WHAT THE EXERCISE ASKS: From the records below, transcribe exactly the lines that begin at the line with "Recognizing an obvious" and end at the line with "USS Germantown pulled", both included.
- Opening Delimiter -
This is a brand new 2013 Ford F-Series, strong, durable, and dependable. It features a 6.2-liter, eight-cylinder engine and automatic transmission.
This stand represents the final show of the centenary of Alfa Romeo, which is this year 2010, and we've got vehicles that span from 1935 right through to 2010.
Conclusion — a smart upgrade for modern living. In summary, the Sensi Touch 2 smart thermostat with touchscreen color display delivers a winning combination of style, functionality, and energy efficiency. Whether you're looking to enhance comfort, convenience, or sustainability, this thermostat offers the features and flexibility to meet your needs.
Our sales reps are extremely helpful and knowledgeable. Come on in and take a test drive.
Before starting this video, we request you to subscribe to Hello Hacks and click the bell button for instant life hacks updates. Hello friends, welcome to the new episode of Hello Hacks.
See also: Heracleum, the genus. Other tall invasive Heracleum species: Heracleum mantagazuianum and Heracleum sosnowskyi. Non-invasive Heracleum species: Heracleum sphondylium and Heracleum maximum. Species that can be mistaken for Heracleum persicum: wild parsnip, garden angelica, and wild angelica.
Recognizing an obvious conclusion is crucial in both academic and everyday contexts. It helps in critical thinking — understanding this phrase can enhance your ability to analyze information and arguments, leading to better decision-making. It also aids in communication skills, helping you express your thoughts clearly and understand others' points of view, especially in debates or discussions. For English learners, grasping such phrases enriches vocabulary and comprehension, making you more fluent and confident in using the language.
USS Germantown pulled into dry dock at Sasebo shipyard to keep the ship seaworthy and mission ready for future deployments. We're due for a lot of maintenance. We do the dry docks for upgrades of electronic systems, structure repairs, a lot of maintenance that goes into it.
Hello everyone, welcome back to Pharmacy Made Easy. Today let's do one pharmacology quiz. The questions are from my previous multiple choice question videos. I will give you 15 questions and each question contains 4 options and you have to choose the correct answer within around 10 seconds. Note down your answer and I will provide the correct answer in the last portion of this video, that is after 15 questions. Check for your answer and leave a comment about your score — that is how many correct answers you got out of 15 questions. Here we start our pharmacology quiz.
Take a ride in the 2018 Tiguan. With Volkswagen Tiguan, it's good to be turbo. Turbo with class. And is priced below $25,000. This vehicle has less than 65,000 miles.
- Closing Delimiter -
RESPONSE AREA:
Recognizing an obvious conclusion is crucial in both academic and everyday contexts. It helps in critical thinking — understanding this phrase can enhance your ability to analyze information and arguments, leading to better decision-making. It also aids in communication skills, helping you express your thoughts clearly and understand others' points of view, especially in debates or discussions. For English learners, grasping such phrases enriches vocabulary and comprehension, making you more fluent and confident in using the language.
USS Germantown pulled into dry dock at Sasebo shipyard to keep the ship seaworthy and mission ready for future deployments. We're due for a lot of maintenance. We do the dry docks for upgrades of electronic systems, structure repairs, a lot of maintenance that goes into it.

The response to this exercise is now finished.